Leyendo La Invención de la Soledad de Paul Auster de algún modo resbalé (o caí en cuenta de que ahí estaba) hacia ese horrible sentimiento de la soledad. Las últimas semanas he pensado/sentido/habitado intensamente ese lugar, sin contemplación sino como arando la tierra con las manos, en búsqueda del espectro que la acompaña.
Bécquer dijo que la soledad es el imperio de la conciencia, porque estar solo es estar con uno mismo, hacia adentro, conectado con aquello invisible que subyace a nuestro cuerpo, pensamientos/sentimientos... pero presiento que la soledad no es aquello. Porque cuando nos conectamos con la sustancia de nuestra existencia inevitablemente nos conectamos con todas las sustancias que dan forma a la vida. Y allí no estamos solos. Allí es imposible sentirse solo porque los límites desaparecen.

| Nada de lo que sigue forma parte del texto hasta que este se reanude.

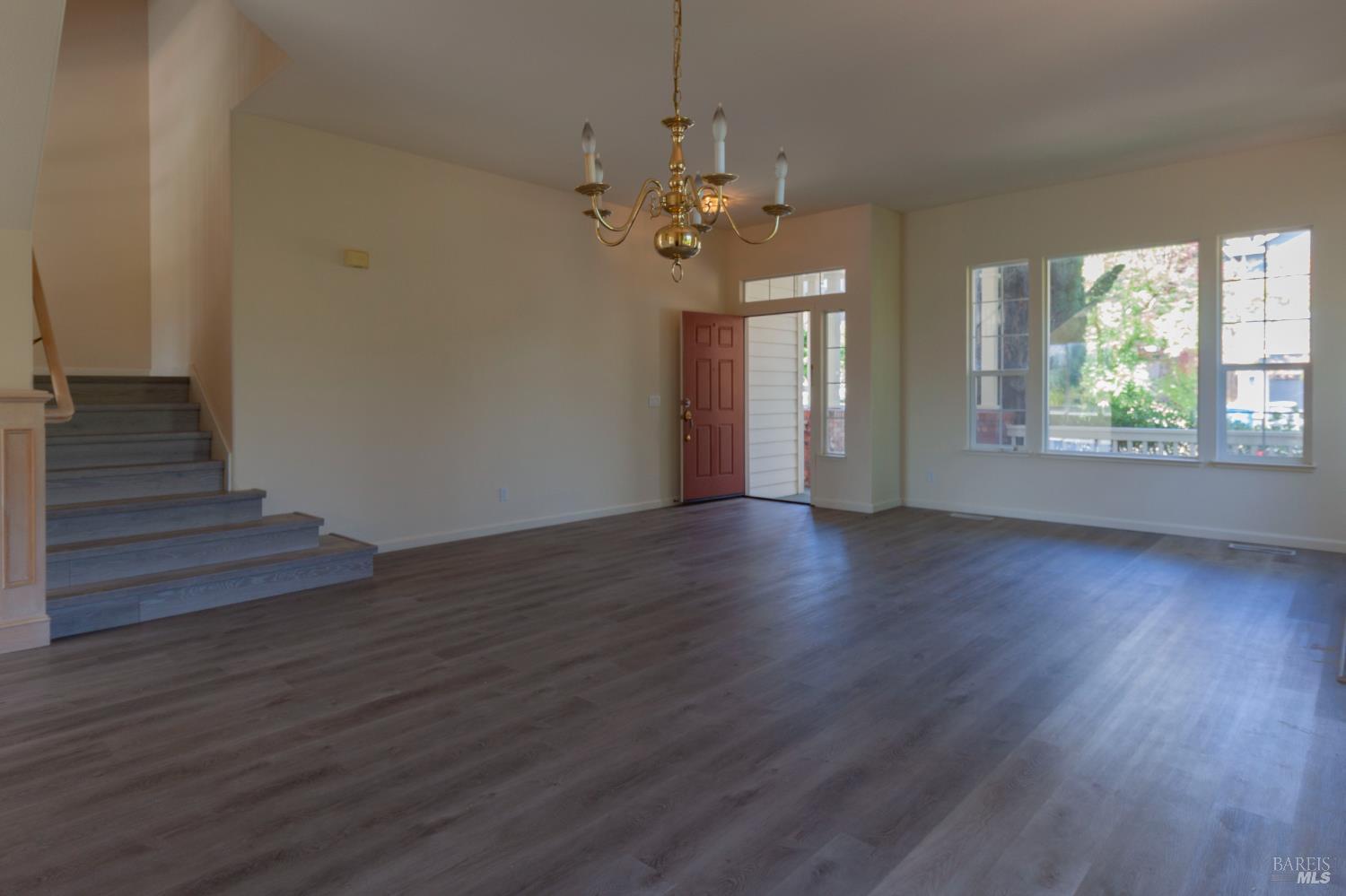 5794 Owl Hill Avenue Santa Rosa CA 95409
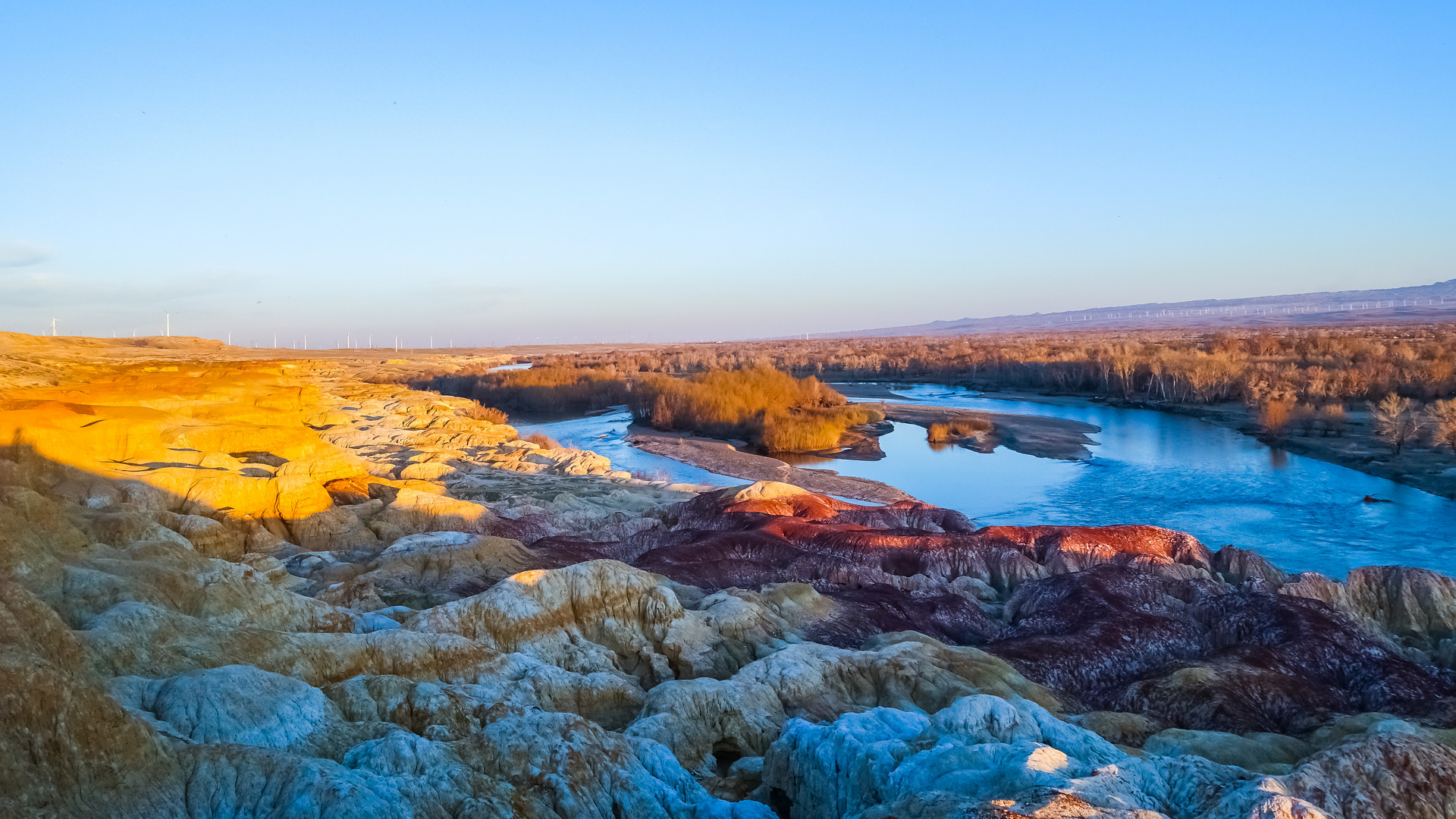 新疆最美的雅丹地貌,因含有不同矿物质呈现彩色成了景点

La soledad es esa fractura que señala el contorno de nuestra piel. Ese espacio donde estamos separados, de lo otro y de los otros, desmembrados incluso de nosotros mismos adentro. La soledad es quedarse callados. La soledad es el apego a lo que se acaba. La soledad es condenarnos a vivir la vida que creemos debemos vivir.
Hoy es un día importante en mi vida. Importante y misterioso pues cierro un ciclo que comencé hace solo dos años pero siento como si hubiera transcurrido en siglos de tanto que me ha transformado. A veces nos demoramos en llegar a ese lugar que buscamos, porque es desconocido, porque nuestros hábitos no nos dejan ver más allá, porque la vida se trata de la búsqueda más que de la llegada.
Tengo mucho que agradecer pero en el primer lugar está Michelle, un alma enorme en un cuerpo aún pequeño que me recuerda todos los días lo que realmente importa: la magia.